The new age declares itself here and there at Cosenza. A squalid railway station, a hideous railway bridge, have brought the town into the European network; and the craze for building, which has disfigured and half ruined Italy, shows itself in an immense new theatre -- Teatro Garibaldi -- just being finished. The old one, which stands ruinous close by, struck me as, if anything, too large for the town; possibly it had been damaged by an earthquake, the commonest sort of disaster at Cosenza. On the front of the new edifice I found two inscriptions, both exulting over the fall of the papal power; one was interesting enough to copy: --
QUESTA DATA POLITICA
DICE FINITA LA TEOCRAZIA
NEGLI ORDINAMENTI CIVILI.
IL DÌ CHE LA DIRÀ FINITA
SARÀ LA DATA UMANA."
which signifies: "This political date marks the end of theocracy in civil life. The day which ends its moral rule will begin the epoch of humanity." A remarkable utterance anywhere; not least so within the hearing of the stream which flows over the grave of Alaric.
One goes to bed early at Cosenza; the night air is dangerous, and -- Teatro Garibaldi still incomplete -- darkness brings with it no sort of pastime. I did manage to read a little in my miserable room by an antique lamp, but the effort was dispiriting; better to lie in the dark and think of Goth and Roman.

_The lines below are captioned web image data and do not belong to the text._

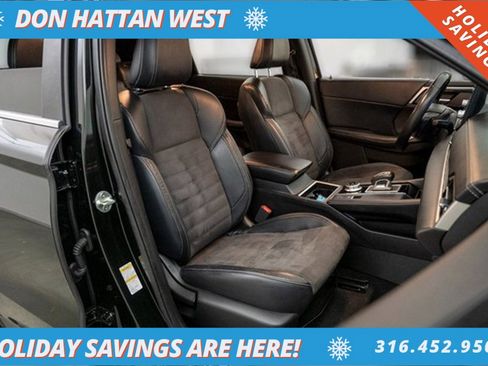 Used 2022 Mitsubishi Outlander SE image 23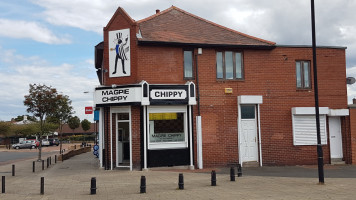 Magpie Chippy outside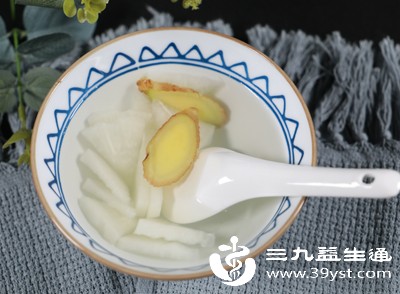 根据自身症状添加少量温和食材，比如咳嗽伴喉咙干痒，可在炖煮时加1-2片生姜，温和润喉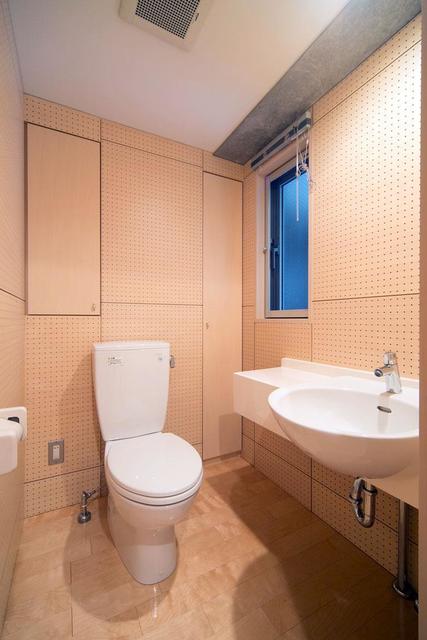 玄関横の広々パウダールーム。キャビネット付き　※写真は同タイプ住戸です。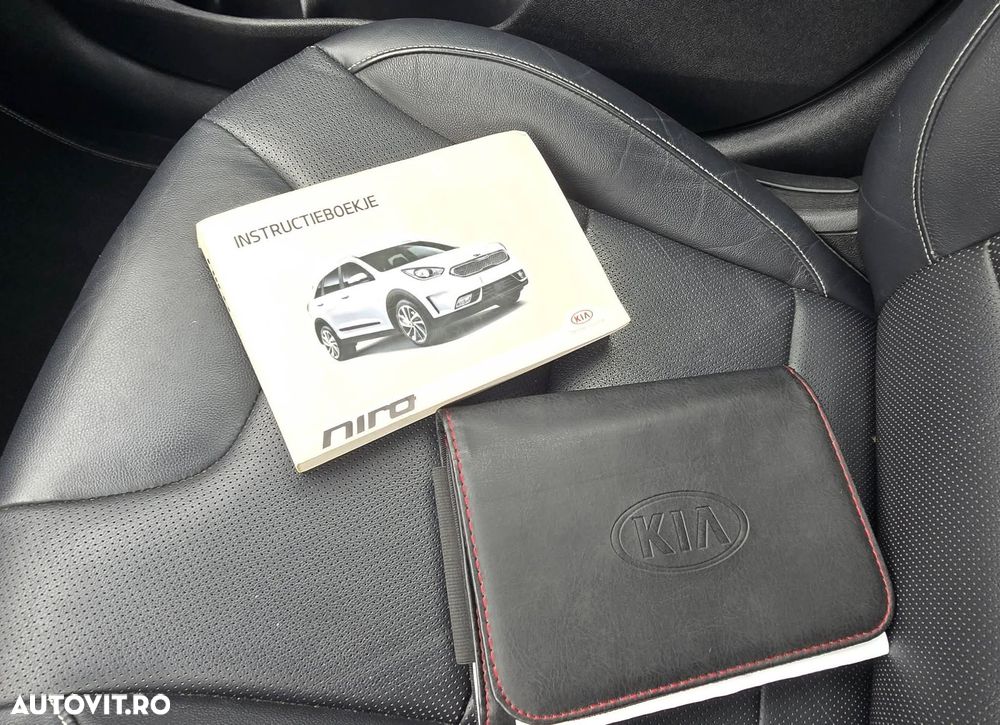 Kia Niro 1.6 GDI 2WD Aut. Vision - 33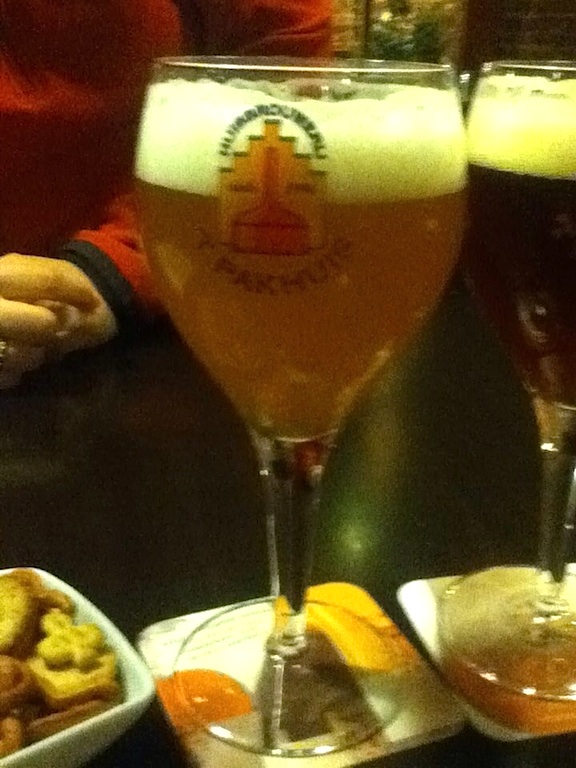 Huisbrouwerij T Parkhuis Nen Bangelijke blond tripel bier Antwerp Belgium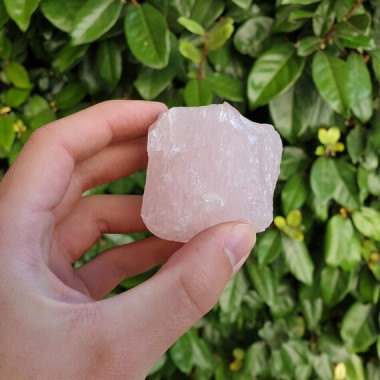 Le quartz rose représente la douceur, la tendresse infinie, la paix intérieure, le calme absolu et la spiritualité.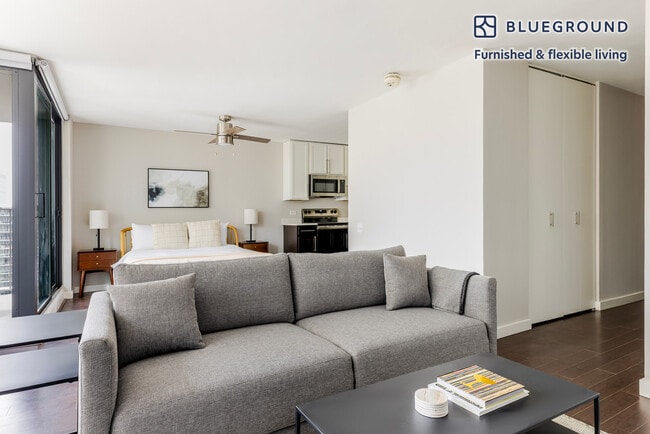 Photo - 77 W Huron St Unit FL15-ID1260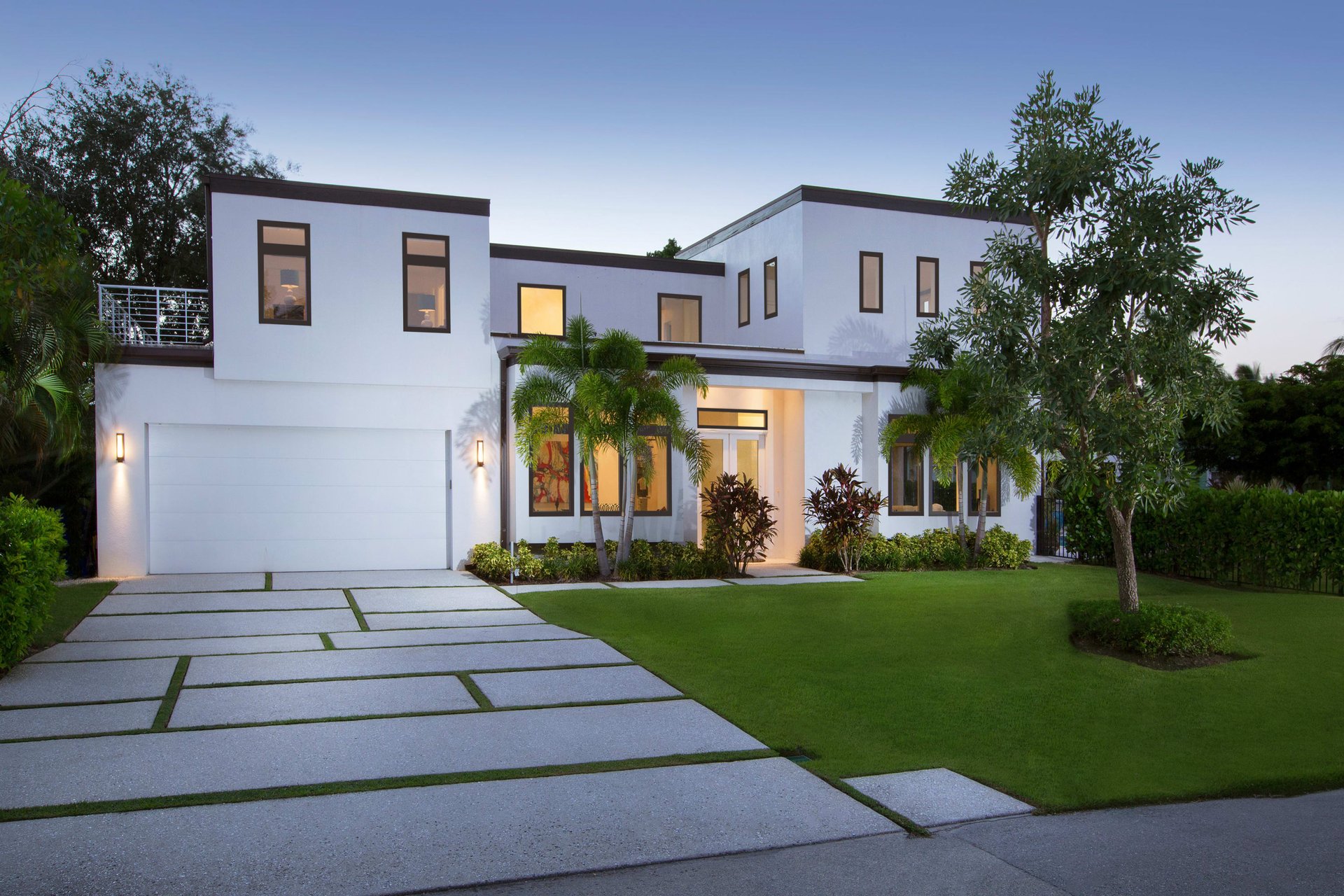 689 Bougainvillea RD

Do the rivers Busento and Crati still keep the secret of that "royal sepulchre, adorned with the splendid spoils and trophies of Rome"? It seems improbable that the grave was ever disturbed; to this day there exists somewhere near Cosenza a treasure-house more alluring than any pictured in Arabian tale. It is not easy to conjecture what "spoils and trophies" the Goths buried with their king; if they sacrificed masses of precious metal, then perchance there still lies in the river-bed some portion of that golden statue of Virtus, which the Romans melted down to eke out the ransom claimed by Alaric. The year 410 A.D. was no unfitting moment to break into bullion the figure personifying Manly Worth. "After that," says an old historian, "all bravery and honour perished out of Rome."